Die Schulpsychologinnen und Schulpsychologen im Zentralen Fachbereich für Diagnostik und Schulpsychologie (ZDS) unterstützen und beraten Schülerinnen und Schüler und deren Eltern unter anderem bei Lern- und Leistungsproblemen, bei der Einschulung des Kindes, der Gestaltung der Schullaufbahn und bei Verhaltensauffälligkeiten des Kindes. Darüber hinaus führen sie auch die Diagnostizierung von Hochbegabungen durch. Die Servicestellen Inklusion beraten unter anderem zu Möglichkeiten der inklusiven Beschulung, zu geeigneten Lernorten in der Region, zu schulischen und außerschulischen Hilfs- und Förderangeboten und koordinieren vorhandene Unterstützungsangebote.
Bereits im November 2016 ist die gemeinsame Initiative von Bund und Ländern ins Leben gerufen worden, um bessere Entwicklungsmöglichkeiten für leistungsstarke und leistungsfähige Schülerinnen und Schüler zu schaffen, unabhängig von Herkunft, Geschlecht und sozialem Status. Die entwickelten Strategien und Konzepte werden der Schulpraxis anschließend zur Verfügung gestellt. Welche nächsten Umsetzungsschritte stehen hier für Mecklenburg-Vorpommern an, Herr Zwerschke, und wie schätzen Sie die zukünftige Entwicklung der Begabtenförderung in Ihrem Bundesland ein?

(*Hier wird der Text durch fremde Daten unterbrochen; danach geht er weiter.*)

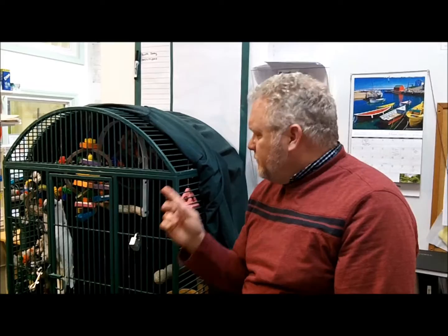We're about to show you a video on a cloacopexy on this bird — a baby umbrella cockatoo. She prolapsed her cloaca, so we went in and repaired it, and the video will show it quite well. This is a common problem in cockatoos, and there's no other good way of repair — it really requires surgery.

Start der zehnjährigen Initiative war im Januar 2018. In der ersten Phase wurde ein Qualifizierungsprogramm zur Personal-, Schul- und Netzwerkentwicklung erfolgreich an den ausgewählten Grundschulen und Gymnasien umgesetzt. Dieser Prozess wurde wissenschaftlich begleitet und kontinuierlich evaluiert um adressatengerechte Materialien für die Begabungsförderung zu konzipieren. Die so entstandenen Produkte finden im weiteren Verlauf der Initiative ihre gezielte Anwendung. Eine wichtige Rolle spielt hierbei der Forschungsverbund als Zusammenschluss renommierter Universitäten, die den Übergang zwischen den beiden Phasen wissenschaftlich begleiten. Im Herbst 2023 erfolgte der Auftakt der zweiten Phase, der Transferphase, in der die Schulen der ersten Phase ihre neu erworbenen Kenntnisse und Erfahrungen an weitere Schulen des Landes multiplizieren. Die 20 neuen Schulen, unter diesen auch Kooperative und Integrierte Gesamtschulen, durchlaufen ebenfalls verschiedene Qualifizierungsangebote des Forschungsverbundes Nord und der Karg Stiftung, bilden zugleich aber auch inhaltlich differenzierte, schulartübergreifende Subnetzwerke mit den Schulen der ersten Phase. Dieser komplexe Prozess wird durch das Ministerium für Bildung und Kindertagesförderung gesteuert und durch das Institut für Qualitätsentwicklung M-V begleitet. Mit der Karg Stiftung haben wir zusätzlich einen kompetenten Partner in der Begabungsförderung an unserer Seite, der auf eine mehr als 30jährige Erfahrung in diesem Gebiet zurückgreifen kann.